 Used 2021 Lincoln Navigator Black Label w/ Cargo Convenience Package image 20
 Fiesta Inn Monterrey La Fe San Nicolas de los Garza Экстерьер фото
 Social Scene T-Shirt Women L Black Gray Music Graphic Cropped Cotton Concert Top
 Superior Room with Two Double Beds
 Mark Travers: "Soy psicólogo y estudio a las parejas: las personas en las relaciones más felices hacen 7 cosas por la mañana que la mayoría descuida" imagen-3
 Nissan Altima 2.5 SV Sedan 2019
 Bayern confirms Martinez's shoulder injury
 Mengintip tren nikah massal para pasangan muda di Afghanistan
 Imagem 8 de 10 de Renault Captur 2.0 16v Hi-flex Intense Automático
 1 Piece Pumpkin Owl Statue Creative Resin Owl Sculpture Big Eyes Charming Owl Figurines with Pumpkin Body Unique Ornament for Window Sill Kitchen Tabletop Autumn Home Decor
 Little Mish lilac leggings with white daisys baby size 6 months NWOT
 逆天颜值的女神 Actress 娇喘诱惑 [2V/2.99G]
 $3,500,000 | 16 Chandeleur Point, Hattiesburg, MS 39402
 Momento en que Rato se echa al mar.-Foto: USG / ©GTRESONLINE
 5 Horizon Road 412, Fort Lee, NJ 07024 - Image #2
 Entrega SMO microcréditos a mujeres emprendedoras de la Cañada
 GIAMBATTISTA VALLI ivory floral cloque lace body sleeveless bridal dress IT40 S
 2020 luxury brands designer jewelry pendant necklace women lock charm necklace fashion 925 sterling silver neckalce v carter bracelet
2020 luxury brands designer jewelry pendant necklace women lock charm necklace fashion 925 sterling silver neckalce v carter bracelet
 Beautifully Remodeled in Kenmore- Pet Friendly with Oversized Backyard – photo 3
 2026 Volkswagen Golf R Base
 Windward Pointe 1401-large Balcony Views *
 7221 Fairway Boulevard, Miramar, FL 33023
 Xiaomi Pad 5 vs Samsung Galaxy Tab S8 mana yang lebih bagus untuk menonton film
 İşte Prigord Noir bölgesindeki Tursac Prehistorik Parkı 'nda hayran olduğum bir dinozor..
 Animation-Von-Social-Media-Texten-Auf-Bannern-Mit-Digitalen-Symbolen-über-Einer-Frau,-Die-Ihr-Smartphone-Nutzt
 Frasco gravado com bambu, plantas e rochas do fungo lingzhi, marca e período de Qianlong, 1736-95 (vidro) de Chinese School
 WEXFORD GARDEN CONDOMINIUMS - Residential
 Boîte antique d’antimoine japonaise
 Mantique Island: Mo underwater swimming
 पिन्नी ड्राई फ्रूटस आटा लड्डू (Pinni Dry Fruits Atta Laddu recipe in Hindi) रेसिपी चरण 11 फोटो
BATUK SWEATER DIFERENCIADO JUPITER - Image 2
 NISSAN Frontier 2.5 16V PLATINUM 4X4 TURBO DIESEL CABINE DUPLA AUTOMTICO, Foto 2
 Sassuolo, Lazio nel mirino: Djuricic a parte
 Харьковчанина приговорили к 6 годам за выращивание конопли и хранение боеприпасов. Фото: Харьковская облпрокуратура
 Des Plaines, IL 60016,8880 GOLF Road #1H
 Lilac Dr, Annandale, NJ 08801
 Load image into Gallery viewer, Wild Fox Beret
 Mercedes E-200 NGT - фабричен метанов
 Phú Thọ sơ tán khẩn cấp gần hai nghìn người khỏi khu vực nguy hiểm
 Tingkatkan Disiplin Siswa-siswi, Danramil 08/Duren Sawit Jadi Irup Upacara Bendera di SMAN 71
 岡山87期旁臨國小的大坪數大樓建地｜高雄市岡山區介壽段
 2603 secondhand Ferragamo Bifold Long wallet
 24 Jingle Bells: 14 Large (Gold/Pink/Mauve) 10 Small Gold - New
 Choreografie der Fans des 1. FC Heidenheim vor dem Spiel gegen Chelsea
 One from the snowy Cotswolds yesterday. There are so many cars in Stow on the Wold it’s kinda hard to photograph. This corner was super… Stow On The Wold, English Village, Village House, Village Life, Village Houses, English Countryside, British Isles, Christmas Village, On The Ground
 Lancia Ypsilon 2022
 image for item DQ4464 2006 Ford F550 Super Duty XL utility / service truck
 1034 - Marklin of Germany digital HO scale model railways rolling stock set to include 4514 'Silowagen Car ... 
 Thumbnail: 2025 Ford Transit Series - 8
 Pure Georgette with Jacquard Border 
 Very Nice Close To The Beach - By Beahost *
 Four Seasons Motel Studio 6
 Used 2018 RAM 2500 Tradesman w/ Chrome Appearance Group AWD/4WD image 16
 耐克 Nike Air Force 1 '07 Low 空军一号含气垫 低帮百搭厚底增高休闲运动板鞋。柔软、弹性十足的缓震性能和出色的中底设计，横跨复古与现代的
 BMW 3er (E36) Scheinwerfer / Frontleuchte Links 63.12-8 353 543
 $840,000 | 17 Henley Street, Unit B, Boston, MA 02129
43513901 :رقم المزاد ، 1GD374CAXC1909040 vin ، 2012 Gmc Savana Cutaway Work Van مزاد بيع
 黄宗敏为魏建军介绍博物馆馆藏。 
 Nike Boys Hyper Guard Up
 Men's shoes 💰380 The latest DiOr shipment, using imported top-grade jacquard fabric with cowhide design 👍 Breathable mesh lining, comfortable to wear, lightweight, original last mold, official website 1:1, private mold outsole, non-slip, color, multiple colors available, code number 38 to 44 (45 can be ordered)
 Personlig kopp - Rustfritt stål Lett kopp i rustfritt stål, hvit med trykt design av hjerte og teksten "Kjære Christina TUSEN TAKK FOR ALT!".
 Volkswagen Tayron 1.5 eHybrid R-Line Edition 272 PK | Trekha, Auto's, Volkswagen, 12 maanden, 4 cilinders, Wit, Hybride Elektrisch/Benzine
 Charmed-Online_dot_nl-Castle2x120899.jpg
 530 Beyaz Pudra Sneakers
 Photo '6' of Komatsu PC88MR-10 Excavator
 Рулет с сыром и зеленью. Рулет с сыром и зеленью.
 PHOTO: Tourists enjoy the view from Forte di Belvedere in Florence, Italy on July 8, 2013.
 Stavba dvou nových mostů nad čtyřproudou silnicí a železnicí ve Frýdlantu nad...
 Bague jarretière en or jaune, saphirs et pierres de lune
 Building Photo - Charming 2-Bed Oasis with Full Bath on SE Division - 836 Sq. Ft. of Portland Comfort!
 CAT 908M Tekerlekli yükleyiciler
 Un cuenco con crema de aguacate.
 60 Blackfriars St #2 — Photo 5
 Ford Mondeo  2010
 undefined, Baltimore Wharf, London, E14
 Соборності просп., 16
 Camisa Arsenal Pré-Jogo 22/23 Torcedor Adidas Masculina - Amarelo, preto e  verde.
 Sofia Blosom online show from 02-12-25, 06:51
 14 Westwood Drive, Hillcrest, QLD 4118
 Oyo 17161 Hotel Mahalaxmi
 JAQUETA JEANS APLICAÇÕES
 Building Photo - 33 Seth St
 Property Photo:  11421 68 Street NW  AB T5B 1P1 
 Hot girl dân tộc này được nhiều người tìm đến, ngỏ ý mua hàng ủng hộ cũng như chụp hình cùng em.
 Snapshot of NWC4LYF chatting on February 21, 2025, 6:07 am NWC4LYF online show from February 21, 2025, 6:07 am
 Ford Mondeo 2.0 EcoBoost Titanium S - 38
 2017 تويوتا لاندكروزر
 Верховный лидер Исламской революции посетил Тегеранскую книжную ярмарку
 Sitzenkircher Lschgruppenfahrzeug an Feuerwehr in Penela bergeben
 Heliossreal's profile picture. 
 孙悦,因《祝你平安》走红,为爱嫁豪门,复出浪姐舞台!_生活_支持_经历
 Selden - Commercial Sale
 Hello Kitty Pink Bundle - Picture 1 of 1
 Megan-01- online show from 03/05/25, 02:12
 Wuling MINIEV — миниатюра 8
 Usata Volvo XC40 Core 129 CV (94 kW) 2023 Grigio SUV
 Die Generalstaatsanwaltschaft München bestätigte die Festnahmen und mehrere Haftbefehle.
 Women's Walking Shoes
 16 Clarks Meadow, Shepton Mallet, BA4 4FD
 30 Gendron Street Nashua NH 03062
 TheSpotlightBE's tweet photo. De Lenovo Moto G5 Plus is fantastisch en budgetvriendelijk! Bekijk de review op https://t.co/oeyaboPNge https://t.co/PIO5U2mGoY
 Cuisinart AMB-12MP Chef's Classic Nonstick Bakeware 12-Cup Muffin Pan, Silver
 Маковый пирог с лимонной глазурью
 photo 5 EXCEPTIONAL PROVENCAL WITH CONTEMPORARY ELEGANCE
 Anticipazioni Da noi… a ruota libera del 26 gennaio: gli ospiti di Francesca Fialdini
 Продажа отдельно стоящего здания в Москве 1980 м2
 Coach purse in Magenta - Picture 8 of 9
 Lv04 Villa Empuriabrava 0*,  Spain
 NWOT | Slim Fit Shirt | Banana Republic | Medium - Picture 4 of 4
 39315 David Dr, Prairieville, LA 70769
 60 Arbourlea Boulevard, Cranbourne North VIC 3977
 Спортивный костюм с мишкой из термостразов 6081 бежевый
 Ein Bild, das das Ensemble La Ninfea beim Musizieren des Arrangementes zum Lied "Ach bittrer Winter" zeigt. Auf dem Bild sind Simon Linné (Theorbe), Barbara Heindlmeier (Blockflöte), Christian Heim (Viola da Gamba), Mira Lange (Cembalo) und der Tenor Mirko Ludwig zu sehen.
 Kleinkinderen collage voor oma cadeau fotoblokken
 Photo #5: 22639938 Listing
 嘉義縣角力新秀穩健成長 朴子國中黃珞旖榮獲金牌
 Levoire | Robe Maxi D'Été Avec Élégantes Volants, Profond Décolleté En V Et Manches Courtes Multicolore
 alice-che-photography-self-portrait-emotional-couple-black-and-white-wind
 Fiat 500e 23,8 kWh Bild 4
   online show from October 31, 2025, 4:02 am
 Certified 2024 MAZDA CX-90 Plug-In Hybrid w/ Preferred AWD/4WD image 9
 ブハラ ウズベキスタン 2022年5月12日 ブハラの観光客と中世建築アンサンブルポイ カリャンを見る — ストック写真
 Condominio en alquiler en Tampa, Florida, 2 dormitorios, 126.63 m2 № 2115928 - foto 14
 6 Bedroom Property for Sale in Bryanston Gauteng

* [Work to complete] Everything from the first line of the records above to the line containing "İşte Prigord Noir", inclusive, should be repeated exactly; leave out the rest.

* [The answer]
 Used 2021 Lincoln Navigator Black Label w/ Cargo Convenience Package image 20
 Fiesta Inn Monterrey La Fe San Nicolas de los Garza Экстерьер фото
 Social Scene T-Shirt Women L Black Gray Music Graphic Cropped Cotton Concert Top
 Superior Room with Two Double Beds
 Mark Travers: "Soy psicólogo y estudio a las parejas: las personas en las relaciones más felices hacen 7 cosas por la mañana que la mayoría descuida" imagen-3
 Nissan Altima 2.5 SV Sedan 2019
 Bayern confirms Martinez's shoulder injury
 Mengintip tren nikah massal para pasangan muda di Afghanistan
 Imagem 8 de 10 de Renault Captur 2.0 16v Hi-flex Intense Automático
 1 Piece Pumpkin Owl Statue Creative Resin Owl Sculpture Big Eyes Charming Owl Figurines with Pumpkin Body Unique Ornament for Window Sill Kitchen Tabletop Autumn Home Decor
 Little Mish lilac leggings with white daisys baby size 6 months NWOT
 逆天颜值的女神 Actress 娇喘诱惑 [2V/2.99G]
 $3,500,000 | 16 Chandeleur Point, Hattiesburg, MS 39402
 Momento en que Rato se echa al mar.-Foto: USG / ©GTRESONLINE
 5 Horizon Road 412, Fort Lee, NJ 07024 - Image #2
 Entrega SMO microcréditos a mujeres emprendedoras de la Cañada
 GIAMBATTISTA VALLI ivory floral cloque lace body sleeveless bridal dress IT40 S
 2020 luxury brands designer jewelry pendant necklace women lock charm necklace fashion 925 sterling silver neckalce v carter bracelet
2020 luxury brands designer jewelry pendant necklace women lock charm necklace fashion 925 sterling silver neckalce v carter bracelet
 Beautifully Remodeled in Kenmore- Pet Friendly with Oversized Backyard – photo 3
 2026 Volkswagen Golf R Base
 Windward Pointe 1401-large Balcony Views *
 7221 Fairway Boulevard, Miramar, FL 33023
 Xiaomi Pad 5 vs Samsung Galaxy Tab S8 mana yang lebih bagus untuk menonton film
 İşte Prigord Noir bölgesindeki Tursac Prehistorik Parkı 'nda hayran olduğum bir dinozor..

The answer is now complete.